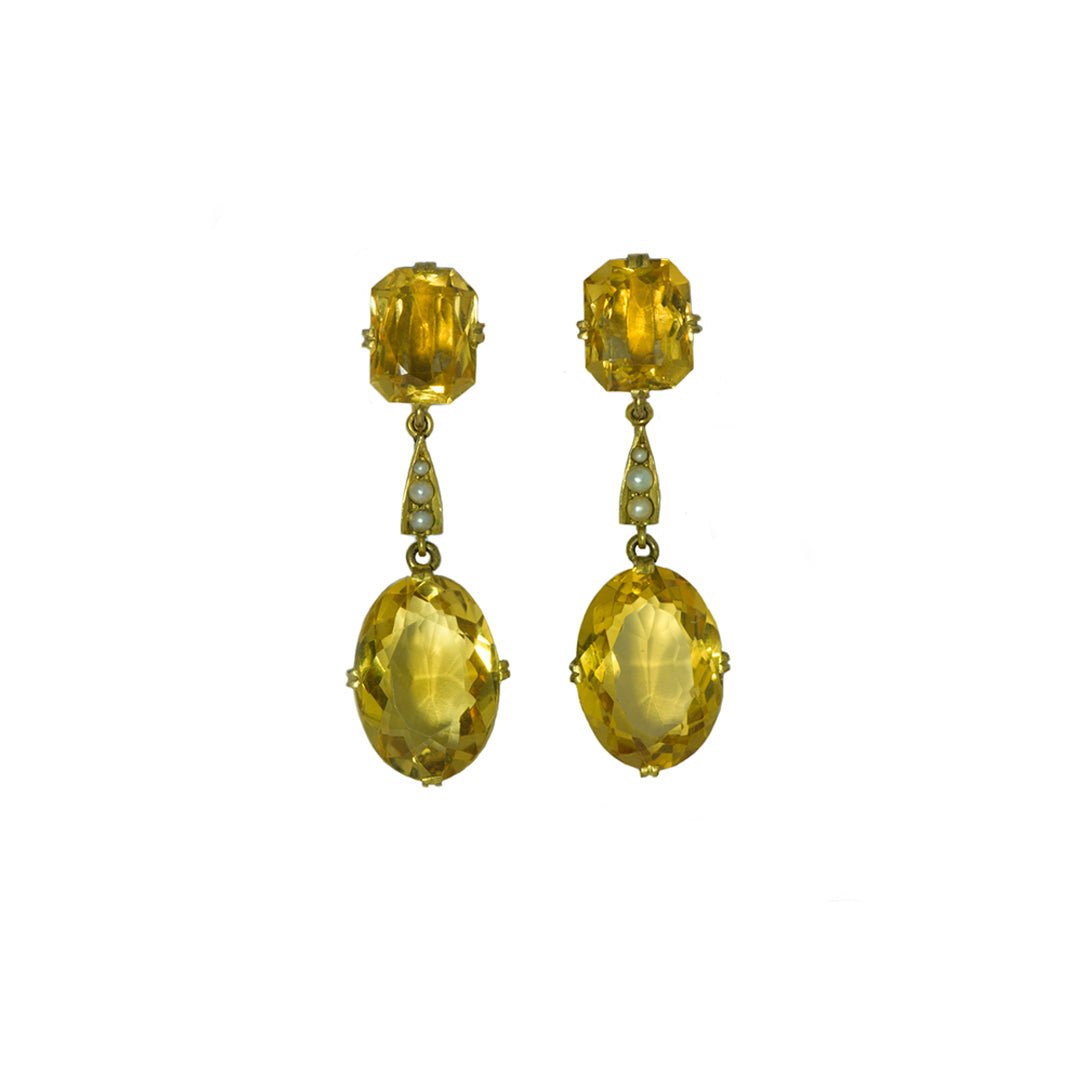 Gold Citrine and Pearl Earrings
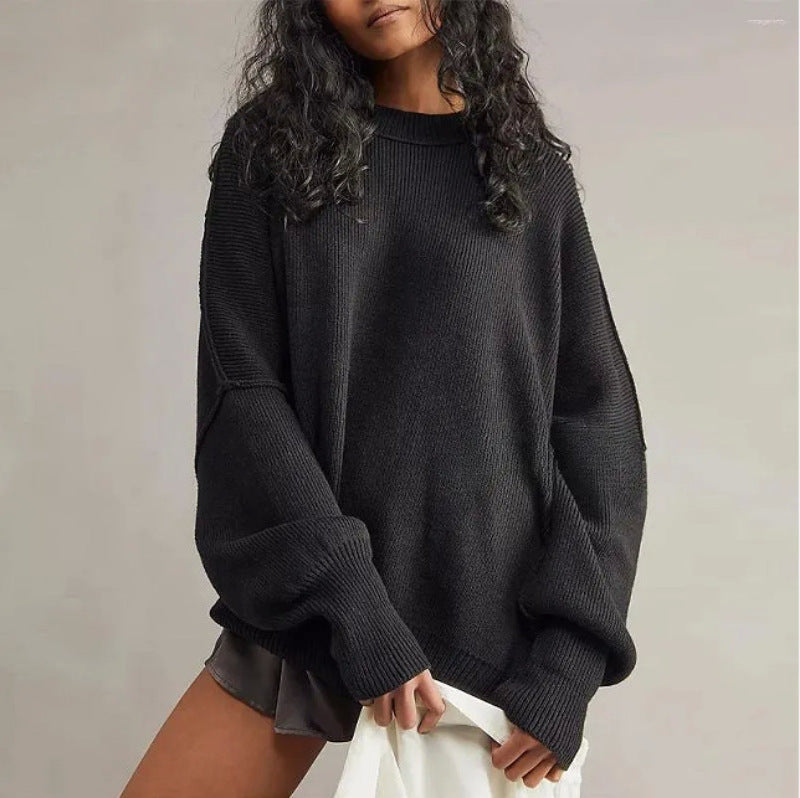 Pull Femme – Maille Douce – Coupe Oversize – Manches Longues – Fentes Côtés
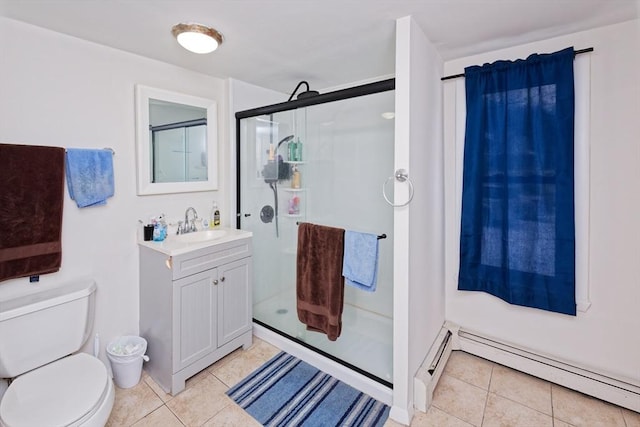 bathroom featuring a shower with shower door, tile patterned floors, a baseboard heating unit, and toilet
• • •
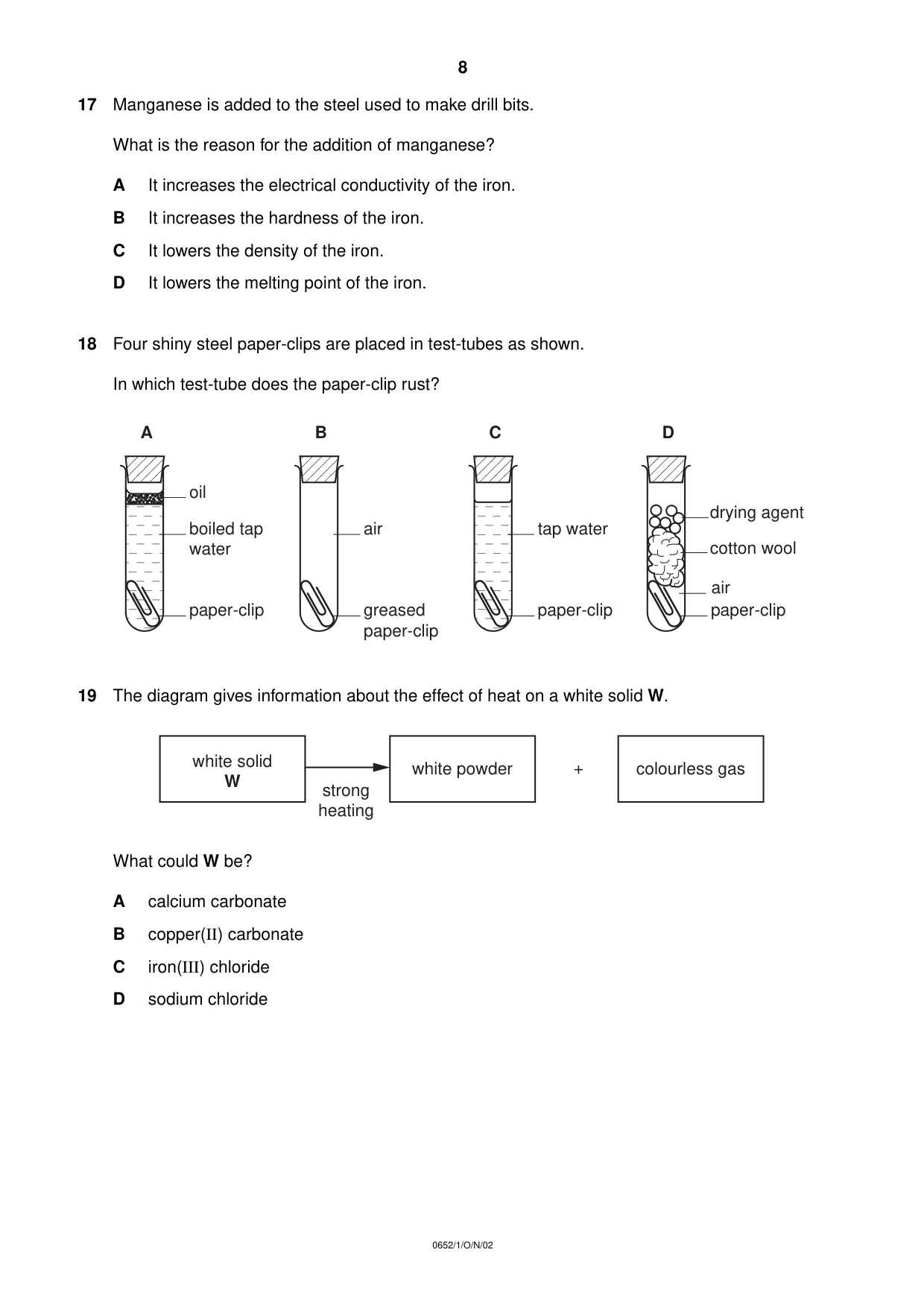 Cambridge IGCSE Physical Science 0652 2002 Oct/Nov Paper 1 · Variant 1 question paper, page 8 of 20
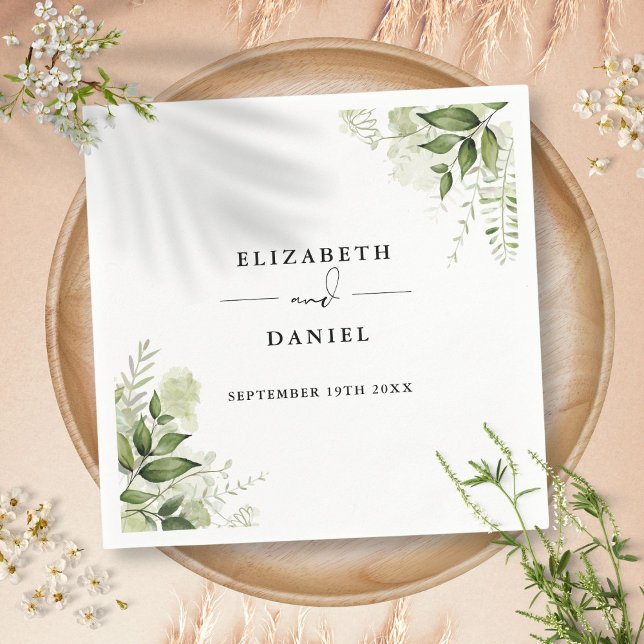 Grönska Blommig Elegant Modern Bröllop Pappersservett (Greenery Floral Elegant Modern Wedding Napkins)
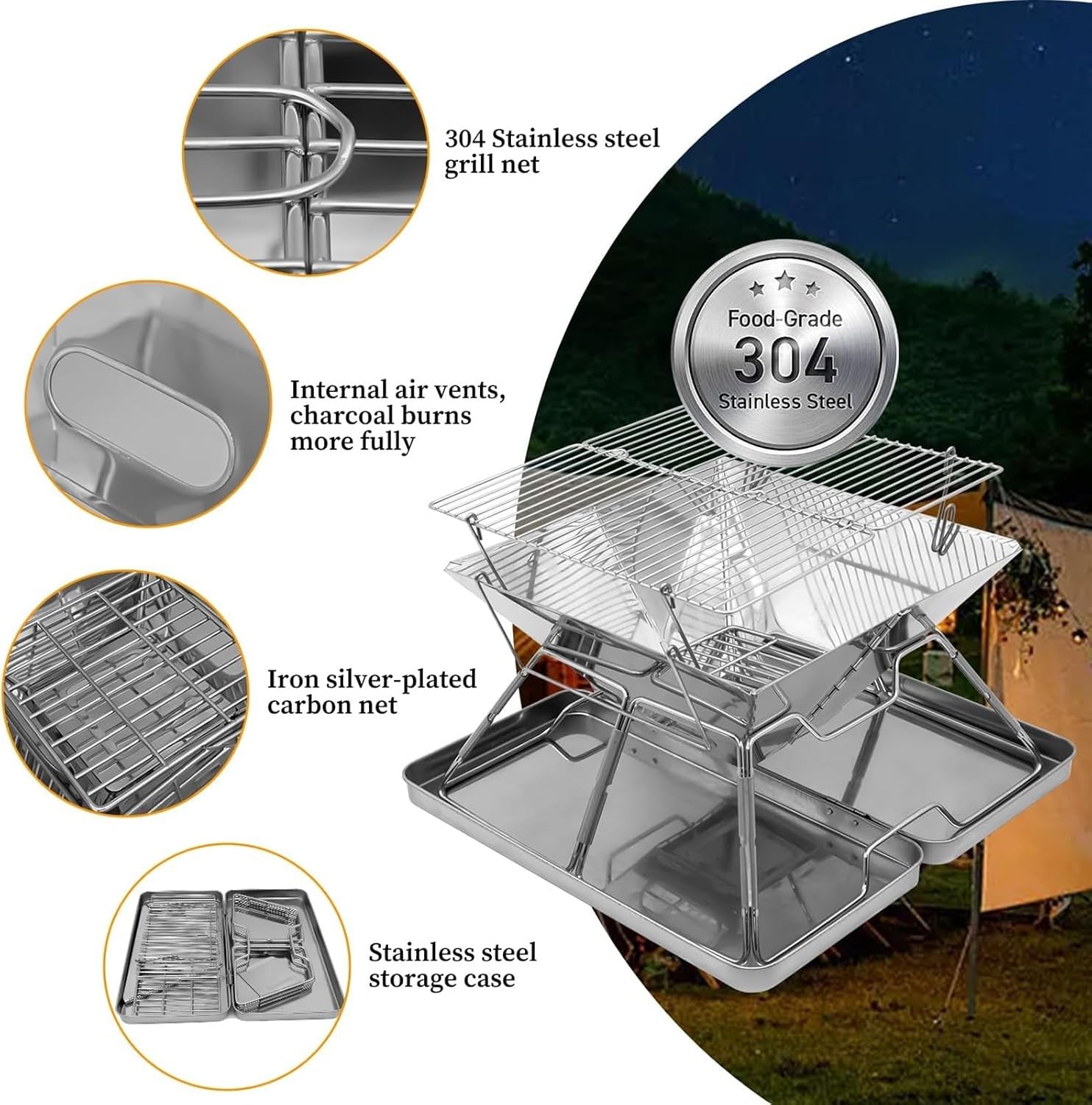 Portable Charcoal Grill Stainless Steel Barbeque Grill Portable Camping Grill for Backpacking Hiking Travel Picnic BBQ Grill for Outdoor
• • •
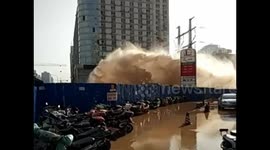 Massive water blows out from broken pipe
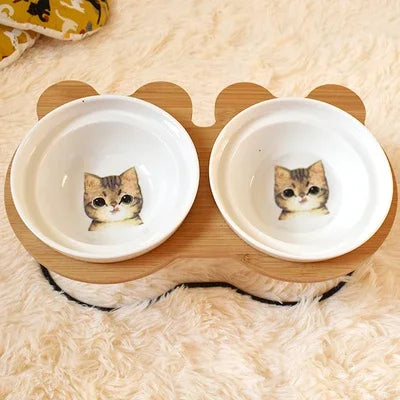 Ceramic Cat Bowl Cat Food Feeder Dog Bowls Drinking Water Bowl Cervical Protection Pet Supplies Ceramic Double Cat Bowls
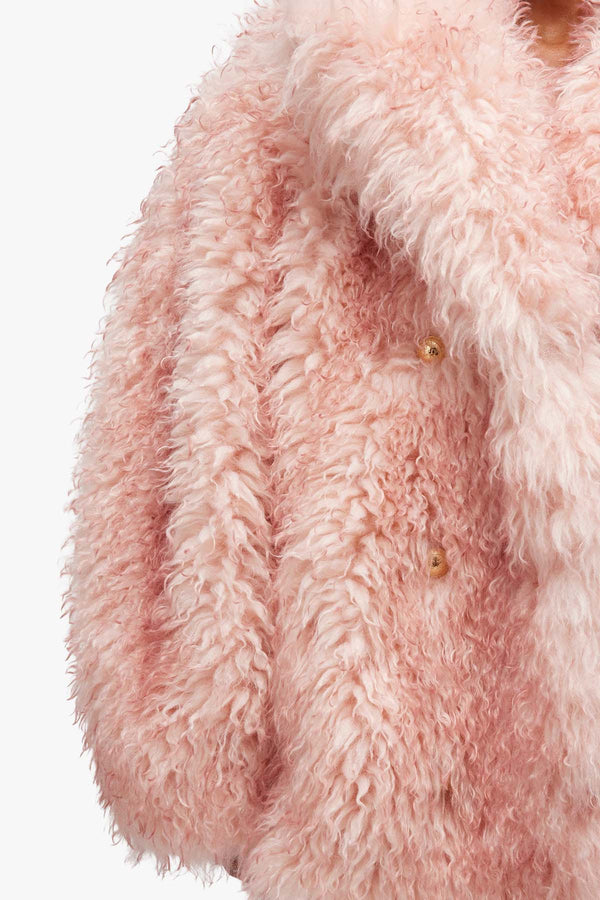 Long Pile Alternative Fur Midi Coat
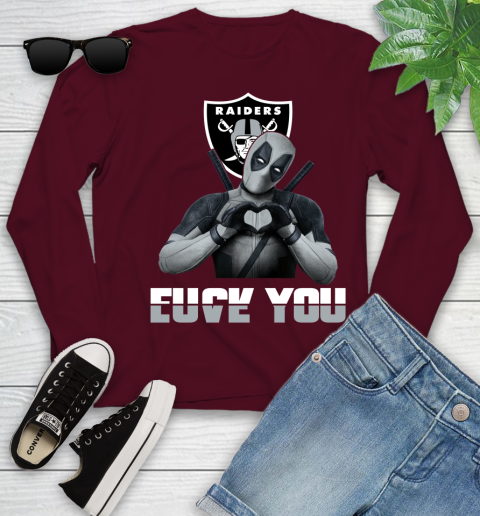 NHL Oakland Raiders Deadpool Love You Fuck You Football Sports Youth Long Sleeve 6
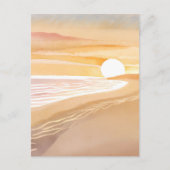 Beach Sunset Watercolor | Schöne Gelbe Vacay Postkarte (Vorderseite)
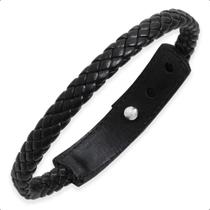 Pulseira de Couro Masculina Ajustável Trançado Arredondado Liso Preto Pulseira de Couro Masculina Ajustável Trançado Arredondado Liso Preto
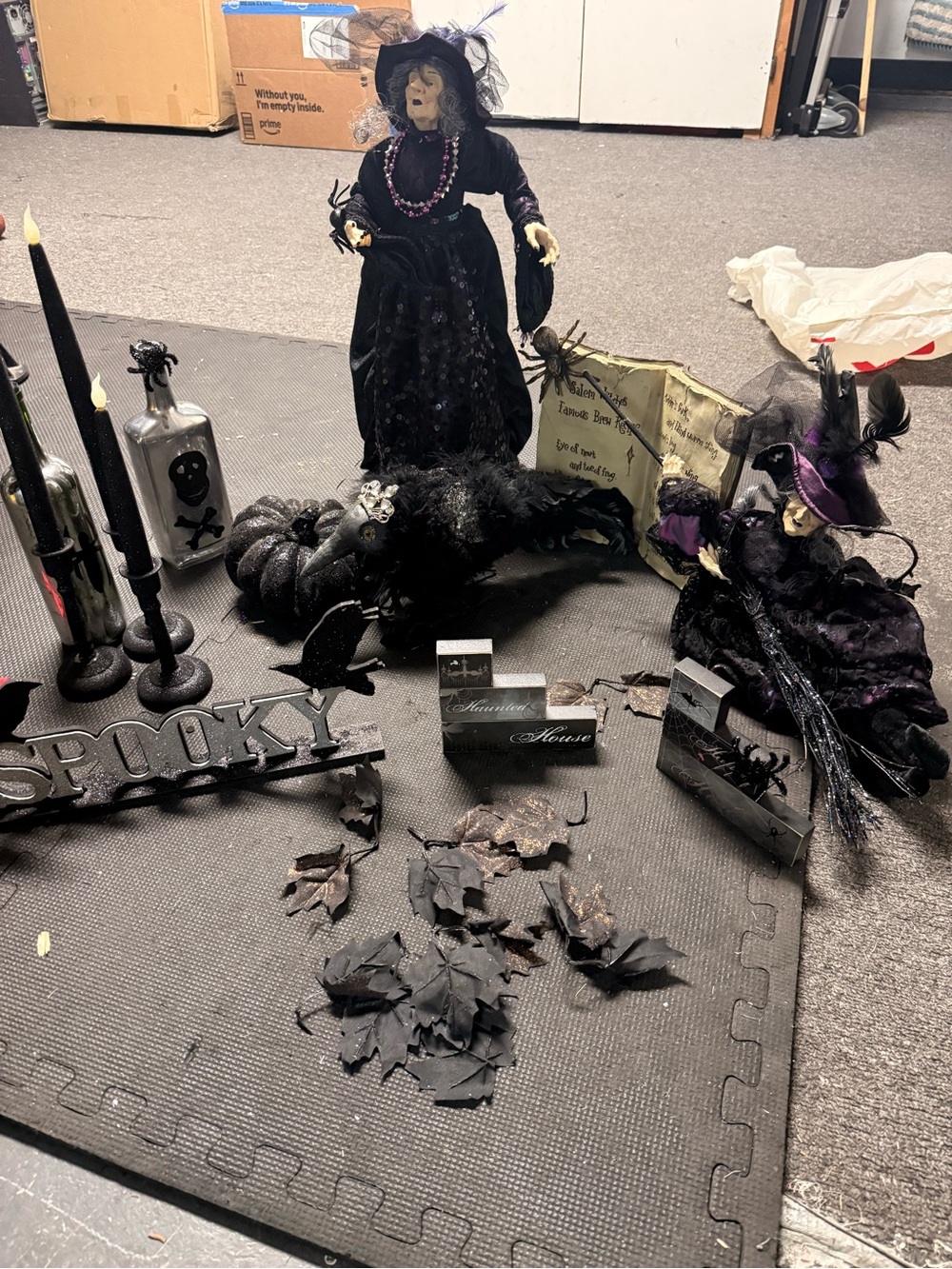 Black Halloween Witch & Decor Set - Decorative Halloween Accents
• • •
In the data above, find the line with "Gold Citrine and Pearl Earrings" and the line with "bathroom featuring a". Please copy exactly those two lines and every line between them, but not the pictures.

### RESULT FOR THIS EXERCISE:
 Gold Citrine and Pearl Earrings
 Pull Femme – Maille Douce – Coupe Oversize – Manches Longues – Fentes Côtés
 bathroom featuring a shower with shower door, tile patterned floors, a baseboard heating unit, and toilet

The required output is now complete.